YOUR OBJECTIVE: Write out each entry below exactly; the images do not belong in your copy.

ENTRIES PROVIDED:
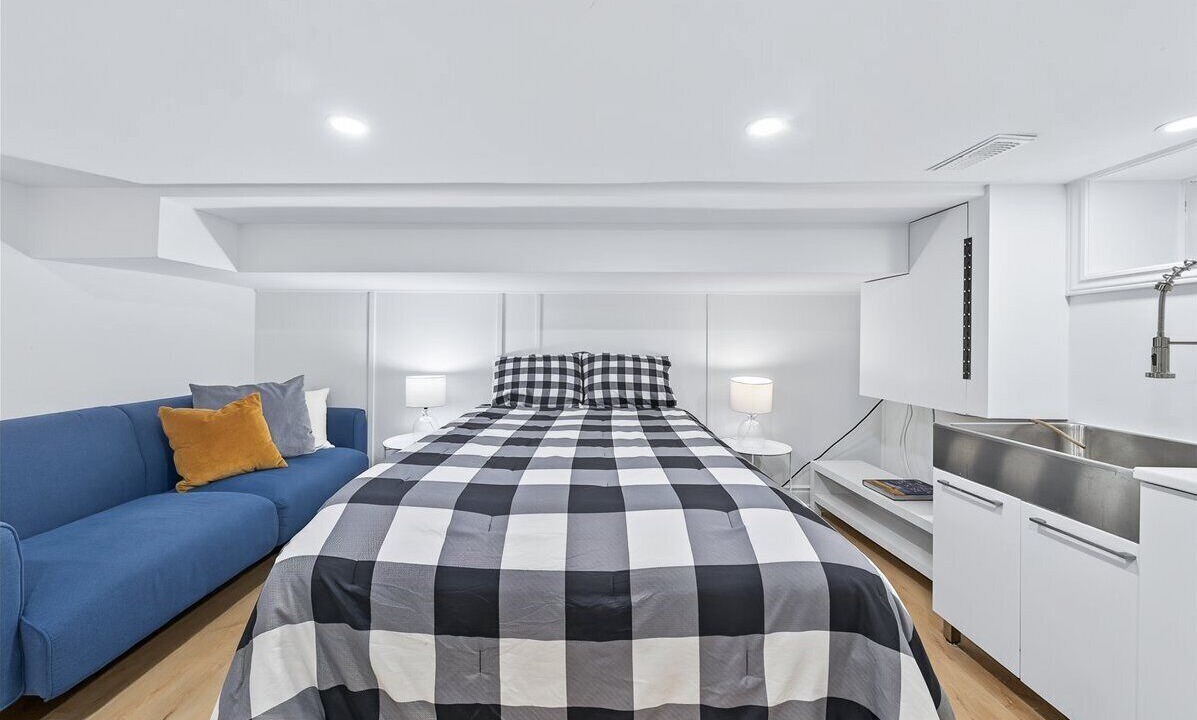 Photo of Bedroom in Clarkson-Lorne Park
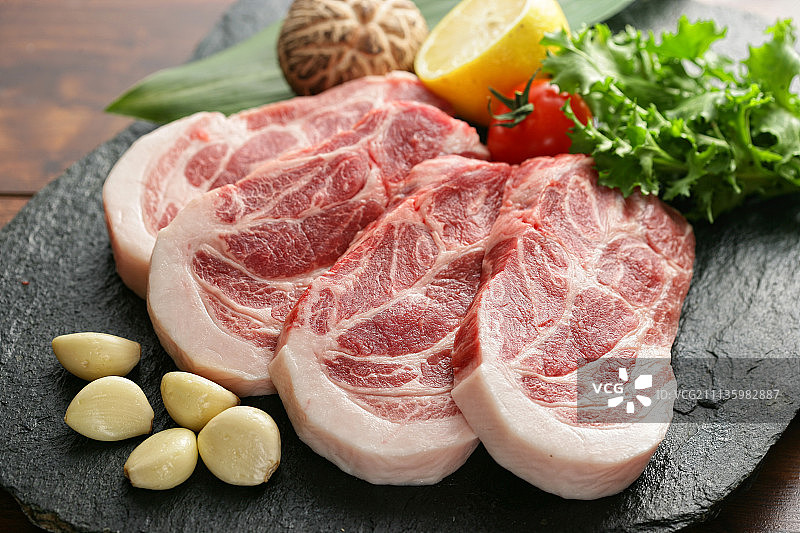 柠檬蘑菇烤猪颈肉图片素材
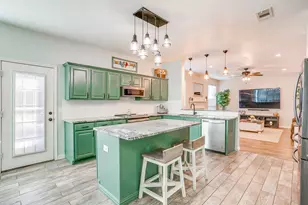 4812 Parkmount Dr, Fort Worth, TX 76137 - Photo 16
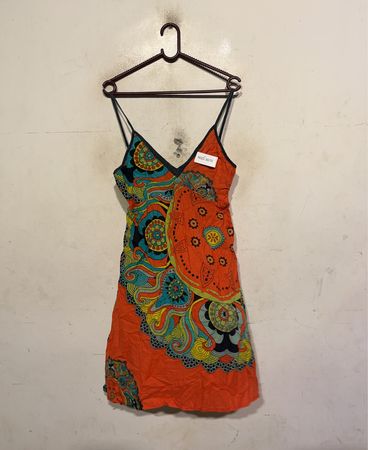 Orangenkleid mit buntem Muster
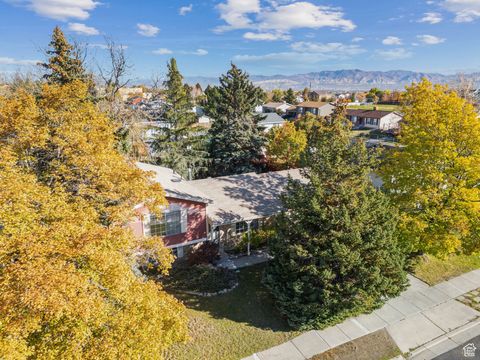 Photo of 5648 W LODESTONE AVE, Kearns, UT 84118 (MLS # 2119520) Photo of 5648 W LODESTONE AVE, Kearns, UT 84118 (MLS # 2119520)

RESULT FOR THIS EXERCISE:
 Photo of Bedroom in Clarkson-Lorne Park
 柠檬蘑菇烤猪颈肉图片素材
 4812 Parkmount Dr, Fort Worth, TX 76137 - Photo 16
 Orangenkleid mit buntem Muster
 Photo of 5648 W LODESTONE AVE, Kearns, UT 84118 (MLS # 2119520) Photo of 5648 W LODESTONE AVE, Kearns, UT 84118 (MLS # 2119520)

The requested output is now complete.